Homeland, now in its fifth season on Showtime, is no stranger to criticism. What is new, however, is criticism coming from within the show itself.

As reported by Deadline and the Guardian, graffiti artists hired to add designs to the set of Homeland included messages calling out the show. The bluntest of them simply says "Homeland is racist" in Arabic. The images aired on the Oct. 11 episode of the show, the second of this season.

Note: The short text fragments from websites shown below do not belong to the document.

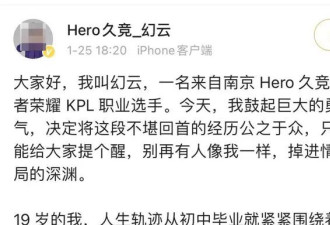 19岁王者荣耀职业选手称网恋两个月被骗20多万元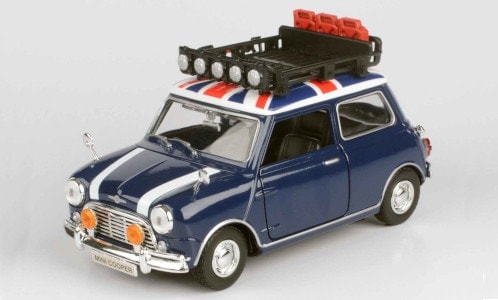 ミニッツ Lit モーリス ミニクーパー ブルー 1/18 モーリス ミニ クーパー ブルー 青 Mini Morris Cooper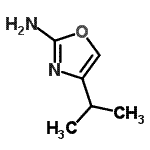 CAS#: 229003-15-0, 4-Isopropyl-1,3-Oxazol-2-Amine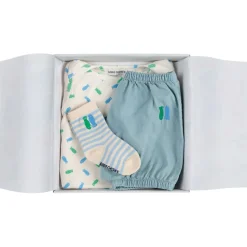Lucky Fish Baby Kläder Set Off White><noscript><img width=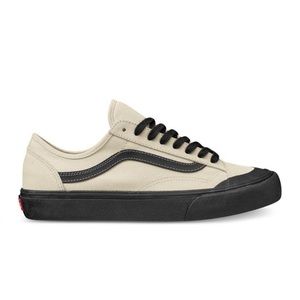 NEW Vans Old Skool Style 36 Decon Sf Salt Wash Marshmallow Black Mens 7.5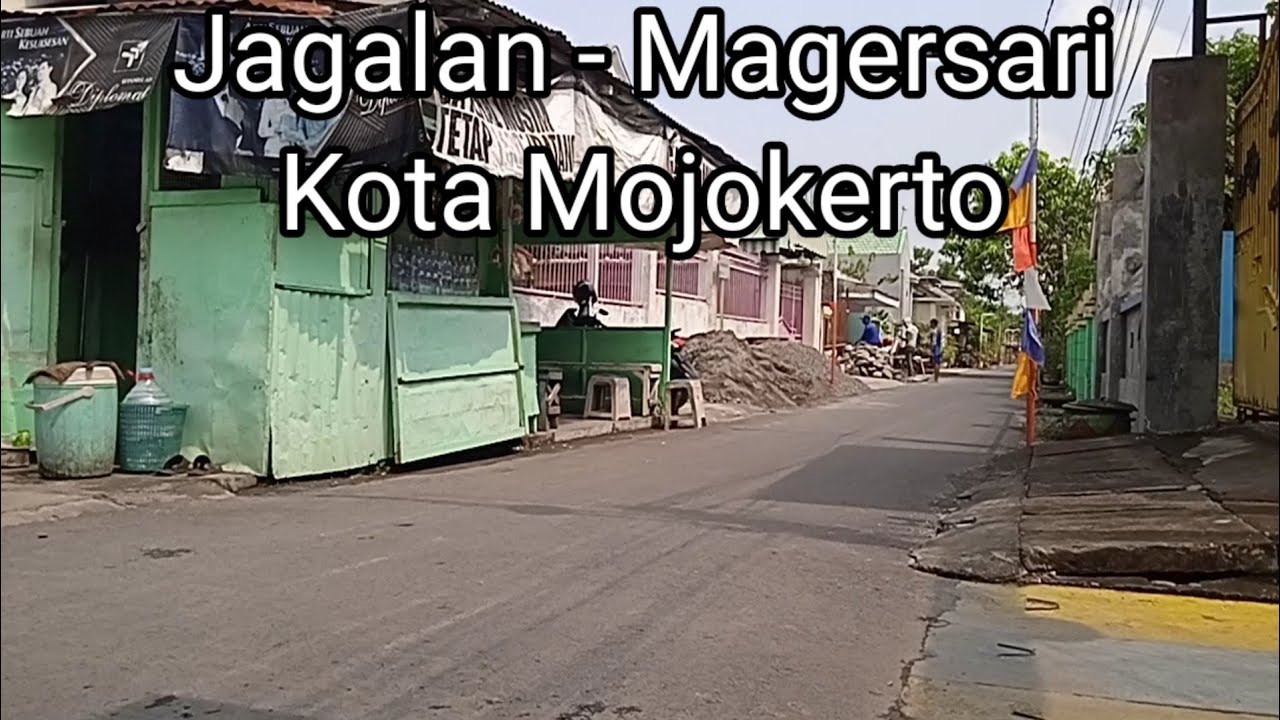 Jagalan Magersari Kota Mojokerto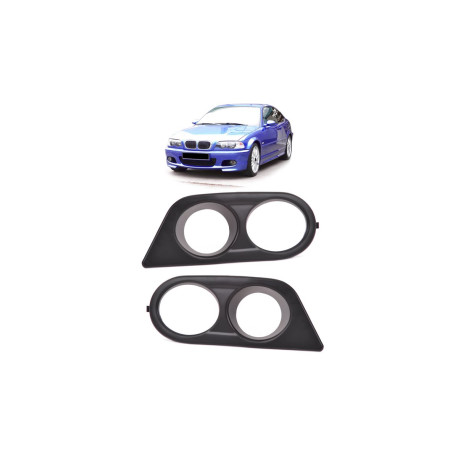 Бодикит и визуални аксесоари Решетки за фарове за мъгла за BMW 3 E46 | race-shop.bg
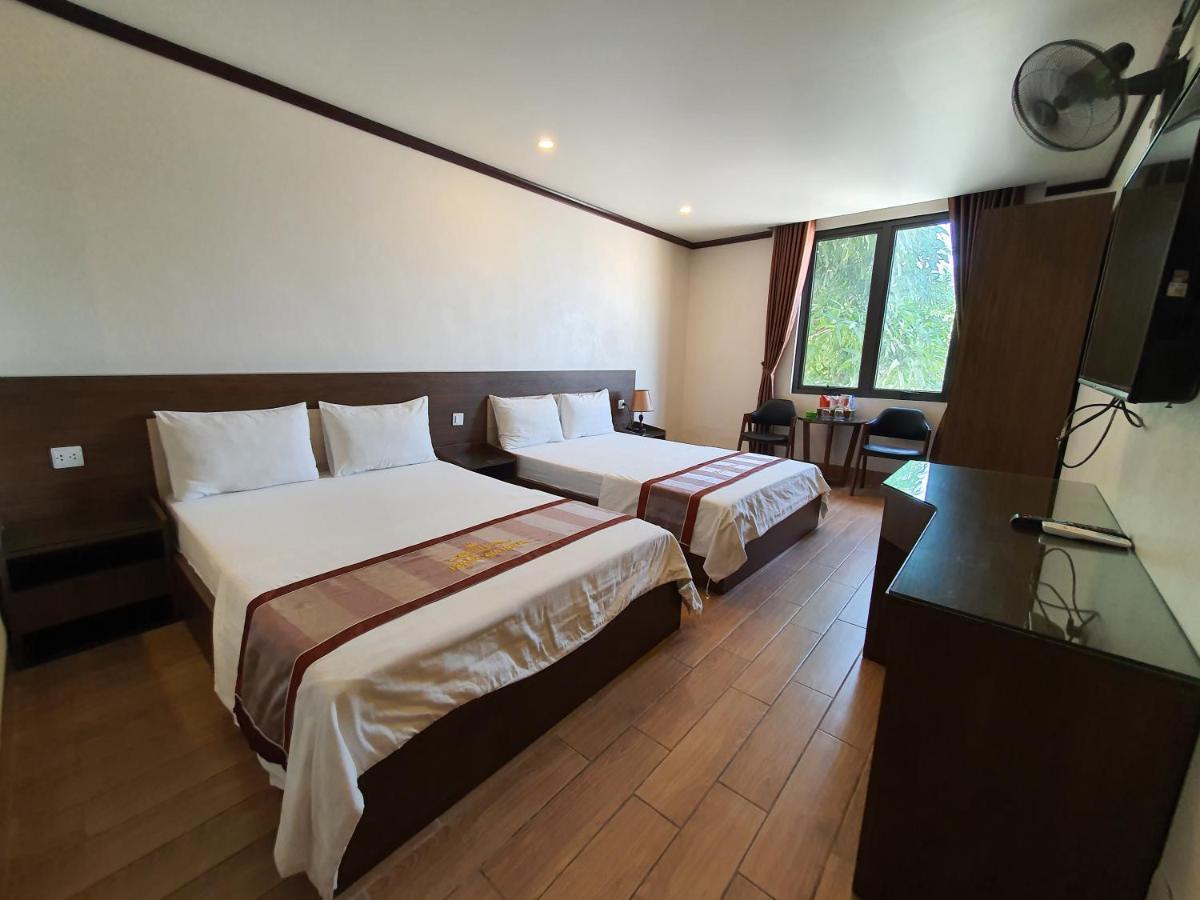Hotel Khach San Hoang Gia II Thai Binh Exterior foto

In a statement released on their website, the artists, Heba Amin, Caram Kapp and Stone, explained why they chose to "hack" the series. "Homeland has maintained the dichotomy of the photogenic, mainly white, mostly American protector versus the evil and backwards Muslim threat," they write. They also said the series was filled with "gross misrepresentations of the cities of Beirut, Islamabad- and the so-called Muslim world in general."

Heba Amin

The producers apparently reached out to a graffiti artist friend of the team's about doing design work. When they learned of it, they were skeptical. "Given the series' reputation we were not easily convinced, until we considered what a moment of intervention could relay about our own and many others' political discontent with the series," they said. "It was our moment to make our point by subverting the message using the show itself."

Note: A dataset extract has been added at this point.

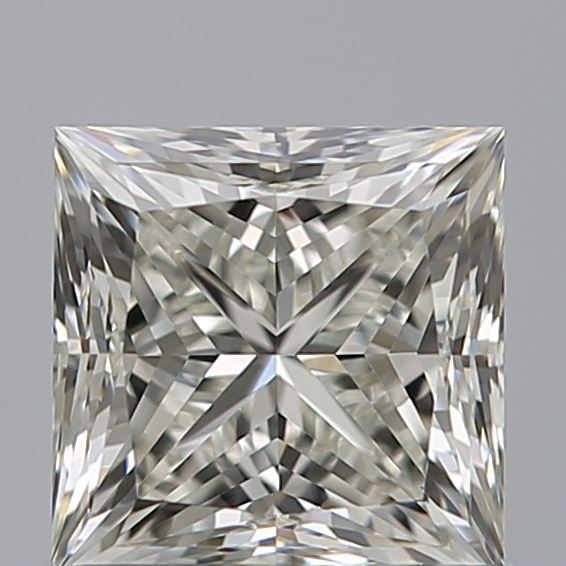 Diamond Natural 0,9Ct J-VS1 Princess - GIA2546616909 1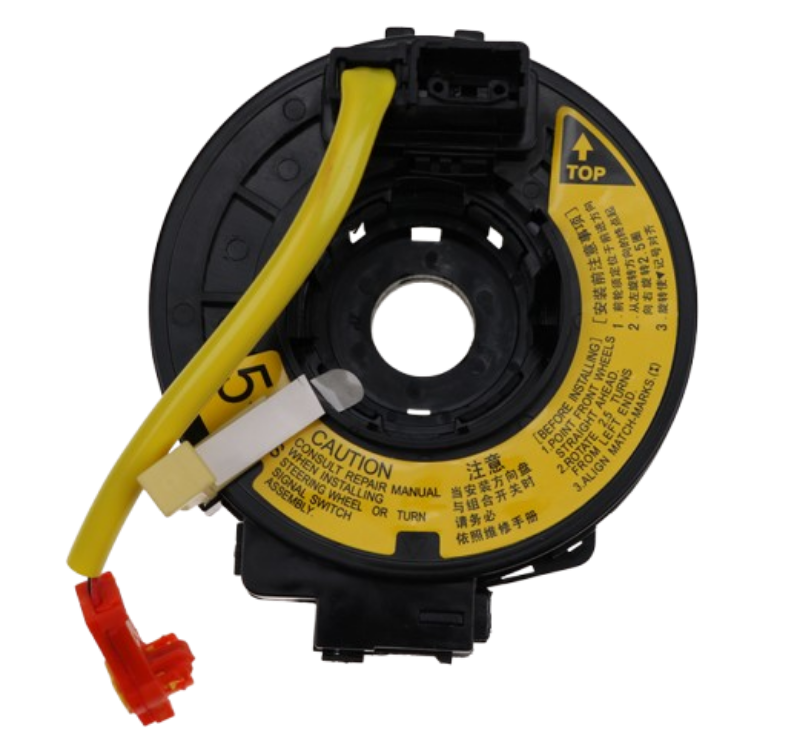 toyota allion nzt 240 airbag ribbon top view with connectors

The messages ranged from disowning the series — "This show does not represent the views of the artist" — to the political. One even used the #BlackLivesMatter hashtag. Another called the show "watermelon," apparently slang for something that is "a sham."

Heba Amin

Homeland showrunner Alex Gansa was reluctantly impressed. "We wish we'd caught these images before they made it to air," he told Deadline. "However, as Homeland always strives to be subversive in its own right and a stimulus for conversation, we can't help but admire this act of artistic sabotage."

Heba Amin/Showtime

The graffiti and statement may motivate Homeland's producers to make a change they've been mulling for some time: shifting the focus away from Islamic and Arab terrorists. 

"We're not necessarily going to stay now and forever [focusing on] U.S. relations in the Muslim world," Showtime president David Nevins said at the show's Television Critics Association panel, according to Entertainment Weekly. "We're exploring a few different possibilities and may change it up a little bit."